Como entendo classes sociais em meu trabalho de pesquisa
Volta e meia as pessoas me perguntam o que eu pesquiso no mestrado. Começo a explicar e tenho que aprofundar as conceituações que uso. Uma delas é a de classe social. Como desenvolver uma pesquisa exige refinamentos teóricos e conceituações, deixo aqui a conceituação de classe social utilizada por mim na pesquisa de mestrado.
“Entendemos classe social como um grupamento condicionado por
questões econômicas, em que indivíduos têm características socioeconômicas
semelhantes (i.e. a proletarização, a subproletarização)[1],
com relações simbólicas (por exemplo o consumo) determinadas por razões
econômicas (como a renda, acesso a serviços públicos fundamentais) e através da
relação de antagonismo simbólico e econômico (e simbólico porque econômico) com
outras classes sociais.
A
diferença que vemos entre classes sociais e grupos de status como definidos por
Bourdieu (1987) é que os grupos de status apenas cumprem o valor de classe no
sentido da consagração de sua função, sendo que, em sua teoria, o autor se
limita a falar de consagração sem estabelecer o processo do condicionamento
econômico. Nesse sentido, nos filiamos à teoria desenvolvida por Bourdieu
(1987) ao perceber que as classes não são grupamentos fechados em si, mas compostas
de modo heterogêneo (inclusive
com vários grupos de status em nosso entendimento), mas divergimos do lugar em
que o autor coloca a base econômica da sociedade para o condicionamento das
classes sociais.
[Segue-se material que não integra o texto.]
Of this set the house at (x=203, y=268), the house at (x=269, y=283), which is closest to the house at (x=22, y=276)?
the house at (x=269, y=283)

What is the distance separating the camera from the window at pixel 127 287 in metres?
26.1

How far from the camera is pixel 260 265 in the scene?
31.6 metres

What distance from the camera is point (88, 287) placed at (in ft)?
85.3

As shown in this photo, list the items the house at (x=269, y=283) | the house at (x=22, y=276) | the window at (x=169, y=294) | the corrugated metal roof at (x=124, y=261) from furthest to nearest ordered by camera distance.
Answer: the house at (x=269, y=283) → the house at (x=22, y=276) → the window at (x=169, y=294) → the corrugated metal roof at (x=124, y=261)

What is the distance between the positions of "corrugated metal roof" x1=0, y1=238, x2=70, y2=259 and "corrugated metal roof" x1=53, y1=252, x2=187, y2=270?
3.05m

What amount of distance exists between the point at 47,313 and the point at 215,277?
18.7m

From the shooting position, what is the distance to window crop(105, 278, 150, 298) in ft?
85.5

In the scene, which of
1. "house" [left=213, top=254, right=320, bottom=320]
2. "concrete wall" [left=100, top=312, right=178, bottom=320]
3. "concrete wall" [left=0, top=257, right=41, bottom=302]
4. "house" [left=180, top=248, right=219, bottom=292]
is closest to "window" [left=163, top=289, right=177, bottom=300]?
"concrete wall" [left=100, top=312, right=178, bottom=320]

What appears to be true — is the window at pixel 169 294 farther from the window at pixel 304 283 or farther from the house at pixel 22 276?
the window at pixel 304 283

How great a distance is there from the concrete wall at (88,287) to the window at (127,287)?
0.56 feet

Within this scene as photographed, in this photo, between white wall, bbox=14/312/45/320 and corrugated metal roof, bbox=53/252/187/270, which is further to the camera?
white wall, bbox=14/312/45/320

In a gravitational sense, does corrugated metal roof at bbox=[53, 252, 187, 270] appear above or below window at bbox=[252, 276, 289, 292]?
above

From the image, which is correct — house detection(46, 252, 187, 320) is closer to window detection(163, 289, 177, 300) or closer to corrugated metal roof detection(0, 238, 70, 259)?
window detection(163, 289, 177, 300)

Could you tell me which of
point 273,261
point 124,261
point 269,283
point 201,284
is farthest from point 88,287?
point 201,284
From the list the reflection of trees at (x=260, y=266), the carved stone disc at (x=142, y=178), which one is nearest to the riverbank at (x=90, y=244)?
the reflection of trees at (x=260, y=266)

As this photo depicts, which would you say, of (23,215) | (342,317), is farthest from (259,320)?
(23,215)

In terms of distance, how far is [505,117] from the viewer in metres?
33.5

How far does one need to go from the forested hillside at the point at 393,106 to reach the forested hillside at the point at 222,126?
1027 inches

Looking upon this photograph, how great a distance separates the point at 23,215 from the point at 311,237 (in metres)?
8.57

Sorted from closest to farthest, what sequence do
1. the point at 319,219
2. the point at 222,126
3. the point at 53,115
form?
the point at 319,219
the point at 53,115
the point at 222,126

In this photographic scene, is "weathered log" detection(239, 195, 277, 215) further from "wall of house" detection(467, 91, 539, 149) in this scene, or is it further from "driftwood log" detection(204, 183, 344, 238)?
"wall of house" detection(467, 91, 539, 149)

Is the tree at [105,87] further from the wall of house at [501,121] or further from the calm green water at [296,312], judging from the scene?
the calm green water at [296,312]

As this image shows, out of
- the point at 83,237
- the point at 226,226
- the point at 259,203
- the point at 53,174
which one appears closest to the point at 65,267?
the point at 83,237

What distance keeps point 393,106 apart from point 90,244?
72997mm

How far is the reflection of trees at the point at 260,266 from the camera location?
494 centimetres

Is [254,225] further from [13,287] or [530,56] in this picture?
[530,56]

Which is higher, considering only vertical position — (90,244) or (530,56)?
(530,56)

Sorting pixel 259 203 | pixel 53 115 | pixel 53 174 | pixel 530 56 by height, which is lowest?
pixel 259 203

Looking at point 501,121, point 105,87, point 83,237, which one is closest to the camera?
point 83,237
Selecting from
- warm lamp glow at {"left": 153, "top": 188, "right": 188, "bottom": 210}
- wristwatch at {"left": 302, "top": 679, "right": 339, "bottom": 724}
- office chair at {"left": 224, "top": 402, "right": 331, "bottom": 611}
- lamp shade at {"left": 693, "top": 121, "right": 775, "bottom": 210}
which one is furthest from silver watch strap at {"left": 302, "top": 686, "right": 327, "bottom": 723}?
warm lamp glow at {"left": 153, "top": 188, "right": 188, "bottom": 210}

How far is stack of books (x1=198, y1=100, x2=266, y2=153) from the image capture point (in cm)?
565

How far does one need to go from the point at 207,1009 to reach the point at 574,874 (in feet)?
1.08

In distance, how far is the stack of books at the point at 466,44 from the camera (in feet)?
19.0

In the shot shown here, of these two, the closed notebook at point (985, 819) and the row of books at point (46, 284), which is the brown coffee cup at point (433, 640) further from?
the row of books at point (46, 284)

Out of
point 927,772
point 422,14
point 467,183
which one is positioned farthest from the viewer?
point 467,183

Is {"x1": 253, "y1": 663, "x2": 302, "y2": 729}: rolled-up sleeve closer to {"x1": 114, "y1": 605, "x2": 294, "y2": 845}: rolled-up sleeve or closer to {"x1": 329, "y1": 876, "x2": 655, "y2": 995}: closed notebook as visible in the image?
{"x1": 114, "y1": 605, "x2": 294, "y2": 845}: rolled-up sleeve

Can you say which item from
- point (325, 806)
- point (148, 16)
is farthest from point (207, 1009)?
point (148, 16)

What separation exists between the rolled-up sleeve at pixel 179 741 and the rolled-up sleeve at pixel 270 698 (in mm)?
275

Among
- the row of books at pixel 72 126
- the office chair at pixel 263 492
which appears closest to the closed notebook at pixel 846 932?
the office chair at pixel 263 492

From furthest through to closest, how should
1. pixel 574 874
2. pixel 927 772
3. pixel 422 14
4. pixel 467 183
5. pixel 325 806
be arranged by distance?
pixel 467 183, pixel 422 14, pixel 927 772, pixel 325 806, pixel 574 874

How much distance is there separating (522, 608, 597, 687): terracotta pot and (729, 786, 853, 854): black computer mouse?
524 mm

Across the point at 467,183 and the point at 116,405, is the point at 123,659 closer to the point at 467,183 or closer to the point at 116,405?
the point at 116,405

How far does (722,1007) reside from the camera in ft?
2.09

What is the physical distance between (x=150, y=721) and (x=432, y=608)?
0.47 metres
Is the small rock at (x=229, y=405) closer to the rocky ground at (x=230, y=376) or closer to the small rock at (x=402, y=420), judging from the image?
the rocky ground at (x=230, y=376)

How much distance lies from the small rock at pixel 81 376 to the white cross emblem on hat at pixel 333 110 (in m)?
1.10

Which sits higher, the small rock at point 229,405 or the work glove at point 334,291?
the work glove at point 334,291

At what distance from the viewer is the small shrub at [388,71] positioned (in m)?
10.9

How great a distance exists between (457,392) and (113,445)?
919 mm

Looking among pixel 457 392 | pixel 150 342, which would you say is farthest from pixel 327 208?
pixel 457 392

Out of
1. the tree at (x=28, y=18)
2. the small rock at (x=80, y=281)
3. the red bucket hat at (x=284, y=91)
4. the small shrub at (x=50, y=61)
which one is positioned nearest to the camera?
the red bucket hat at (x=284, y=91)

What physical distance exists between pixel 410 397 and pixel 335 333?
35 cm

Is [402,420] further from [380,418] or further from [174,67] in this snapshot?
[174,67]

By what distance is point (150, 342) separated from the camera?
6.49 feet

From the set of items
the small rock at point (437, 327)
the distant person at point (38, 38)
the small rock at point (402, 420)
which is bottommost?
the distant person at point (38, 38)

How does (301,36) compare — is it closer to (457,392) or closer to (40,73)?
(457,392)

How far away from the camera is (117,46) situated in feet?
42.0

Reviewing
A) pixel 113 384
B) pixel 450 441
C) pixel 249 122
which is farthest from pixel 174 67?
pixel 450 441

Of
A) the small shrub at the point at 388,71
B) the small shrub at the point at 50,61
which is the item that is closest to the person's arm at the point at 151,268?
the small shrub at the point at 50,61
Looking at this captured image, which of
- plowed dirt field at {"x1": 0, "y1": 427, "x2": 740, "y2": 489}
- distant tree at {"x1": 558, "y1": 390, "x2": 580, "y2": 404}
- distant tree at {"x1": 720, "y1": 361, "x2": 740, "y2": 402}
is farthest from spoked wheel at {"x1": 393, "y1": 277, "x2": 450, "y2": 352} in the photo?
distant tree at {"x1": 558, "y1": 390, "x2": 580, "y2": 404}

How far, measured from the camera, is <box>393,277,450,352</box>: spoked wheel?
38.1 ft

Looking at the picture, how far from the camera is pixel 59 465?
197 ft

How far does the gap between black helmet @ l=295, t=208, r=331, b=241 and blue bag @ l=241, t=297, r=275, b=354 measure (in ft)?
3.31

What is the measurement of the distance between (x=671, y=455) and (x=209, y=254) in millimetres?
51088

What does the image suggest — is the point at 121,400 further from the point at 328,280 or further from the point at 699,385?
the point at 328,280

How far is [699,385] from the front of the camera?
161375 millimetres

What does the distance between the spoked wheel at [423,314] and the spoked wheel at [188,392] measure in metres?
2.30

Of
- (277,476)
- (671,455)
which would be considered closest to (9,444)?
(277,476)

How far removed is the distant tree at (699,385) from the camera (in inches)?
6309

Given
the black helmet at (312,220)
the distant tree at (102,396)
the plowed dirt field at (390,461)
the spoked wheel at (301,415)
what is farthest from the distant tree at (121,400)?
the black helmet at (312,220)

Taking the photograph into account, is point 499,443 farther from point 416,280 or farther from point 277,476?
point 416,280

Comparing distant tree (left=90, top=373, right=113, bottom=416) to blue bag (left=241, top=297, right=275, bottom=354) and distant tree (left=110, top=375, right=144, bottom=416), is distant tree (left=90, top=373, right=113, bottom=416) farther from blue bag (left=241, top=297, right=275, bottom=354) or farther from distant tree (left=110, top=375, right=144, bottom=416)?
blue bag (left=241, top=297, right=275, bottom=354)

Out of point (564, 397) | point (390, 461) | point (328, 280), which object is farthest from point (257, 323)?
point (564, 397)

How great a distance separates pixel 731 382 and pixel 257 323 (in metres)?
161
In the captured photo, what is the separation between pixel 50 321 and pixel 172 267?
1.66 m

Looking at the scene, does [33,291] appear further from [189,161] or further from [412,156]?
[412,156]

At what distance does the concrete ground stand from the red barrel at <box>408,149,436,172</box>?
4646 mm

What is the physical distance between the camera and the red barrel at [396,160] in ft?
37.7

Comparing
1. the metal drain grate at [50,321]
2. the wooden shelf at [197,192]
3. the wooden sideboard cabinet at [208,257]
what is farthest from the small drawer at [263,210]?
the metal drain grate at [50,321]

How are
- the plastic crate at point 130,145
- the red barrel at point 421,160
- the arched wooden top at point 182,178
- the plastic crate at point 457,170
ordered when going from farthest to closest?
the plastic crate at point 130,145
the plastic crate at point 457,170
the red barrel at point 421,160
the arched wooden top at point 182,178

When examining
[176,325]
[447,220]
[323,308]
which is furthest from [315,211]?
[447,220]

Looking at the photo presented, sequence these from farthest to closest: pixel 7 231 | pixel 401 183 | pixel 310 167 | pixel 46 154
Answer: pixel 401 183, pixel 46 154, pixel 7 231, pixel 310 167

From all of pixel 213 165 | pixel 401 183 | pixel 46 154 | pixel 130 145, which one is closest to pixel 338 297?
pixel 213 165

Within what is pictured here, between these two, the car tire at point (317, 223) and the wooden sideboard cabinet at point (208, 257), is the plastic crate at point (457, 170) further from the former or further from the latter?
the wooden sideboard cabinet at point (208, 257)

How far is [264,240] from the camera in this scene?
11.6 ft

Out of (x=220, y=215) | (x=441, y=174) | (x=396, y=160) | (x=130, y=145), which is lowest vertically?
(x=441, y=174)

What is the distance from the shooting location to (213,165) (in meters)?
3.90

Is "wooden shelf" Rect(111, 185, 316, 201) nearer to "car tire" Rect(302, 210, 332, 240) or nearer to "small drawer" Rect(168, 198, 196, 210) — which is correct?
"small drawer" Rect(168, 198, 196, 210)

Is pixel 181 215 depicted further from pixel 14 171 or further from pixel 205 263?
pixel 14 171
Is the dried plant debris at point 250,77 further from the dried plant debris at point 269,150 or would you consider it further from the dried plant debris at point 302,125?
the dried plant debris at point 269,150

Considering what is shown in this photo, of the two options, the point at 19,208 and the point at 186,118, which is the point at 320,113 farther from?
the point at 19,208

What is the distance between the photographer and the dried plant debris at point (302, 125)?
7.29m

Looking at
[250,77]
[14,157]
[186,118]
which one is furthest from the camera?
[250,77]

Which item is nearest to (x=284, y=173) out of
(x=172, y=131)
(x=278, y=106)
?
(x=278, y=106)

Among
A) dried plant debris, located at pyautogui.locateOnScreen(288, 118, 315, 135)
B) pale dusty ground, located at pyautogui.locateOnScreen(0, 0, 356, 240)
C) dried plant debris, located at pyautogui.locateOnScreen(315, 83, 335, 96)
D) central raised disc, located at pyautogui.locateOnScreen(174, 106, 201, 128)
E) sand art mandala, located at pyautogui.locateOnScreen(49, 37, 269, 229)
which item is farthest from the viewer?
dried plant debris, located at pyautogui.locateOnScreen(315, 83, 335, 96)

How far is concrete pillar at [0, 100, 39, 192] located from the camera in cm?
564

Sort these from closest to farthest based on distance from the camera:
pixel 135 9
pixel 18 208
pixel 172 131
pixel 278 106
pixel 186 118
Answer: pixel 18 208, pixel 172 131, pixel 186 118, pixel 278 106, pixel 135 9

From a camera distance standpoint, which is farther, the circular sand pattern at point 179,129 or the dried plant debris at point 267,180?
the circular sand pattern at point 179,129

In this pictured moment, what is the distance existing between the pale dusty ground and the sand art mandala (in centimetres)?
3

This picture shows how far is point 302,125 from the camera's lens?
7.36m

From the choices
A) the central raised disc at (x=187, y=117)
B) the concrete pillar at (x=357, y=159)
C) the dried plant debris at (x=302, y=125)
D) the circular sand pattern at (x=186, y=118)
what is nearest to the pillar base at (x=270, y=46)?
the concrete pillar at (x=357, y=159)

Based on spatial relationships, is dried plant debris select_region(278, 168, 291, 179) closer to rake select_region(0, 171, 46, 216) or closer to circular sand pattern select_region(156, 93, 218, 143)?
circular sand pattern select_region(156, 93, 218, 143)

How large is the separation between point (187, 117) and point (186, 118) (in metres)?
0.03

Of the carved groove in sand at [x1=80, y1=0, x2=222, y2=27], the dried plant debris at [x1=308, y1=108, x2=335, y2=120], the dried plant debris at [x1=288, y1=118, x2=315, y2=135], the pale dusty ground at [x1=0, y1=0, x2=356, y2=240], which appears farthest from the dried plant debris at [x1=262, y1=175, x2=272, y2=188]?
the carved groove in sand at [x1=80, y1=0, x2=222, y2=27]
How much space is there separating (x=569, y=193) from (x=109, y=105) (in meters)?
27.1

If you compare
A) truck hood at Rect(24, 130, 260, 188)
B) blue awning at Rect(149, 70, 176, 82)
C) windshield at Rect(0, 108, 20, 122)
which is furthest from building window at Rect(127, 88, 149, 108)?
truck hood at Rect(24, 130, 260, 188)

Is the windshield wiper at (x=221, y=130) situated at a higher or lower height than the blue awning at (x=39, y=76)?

Sobre essa discussão, é preciso dizer que concordamos com
Block (2013) que, em sua concepção de classe social, compreende que a base
econômica não determina as classes sociais, mas as condiciona. Nesse caso,
temos dois verbos que precisam ser melhor delineados. Determinar é um termo
problemático na teoria marxista ortodoxa porque impõe que não existem relações
de classe social fora da estrutura econômica, no que discordamos. As relações
de classe estão dentro e fora da estrutura econômica, mas são diretamente
condicionadas por ela. Ou seja, a classe social não está determinada, mas é
condicionada pelas forças produtivas do capital econômico ou pelas forças
especulativas do capital financeiro. Por isso, o termo que melhor se aplica à
reação entre classes sociais e a base econômica é condicionar. Tal
condicionamento é o que faz as classes funcionarem enquanto classes.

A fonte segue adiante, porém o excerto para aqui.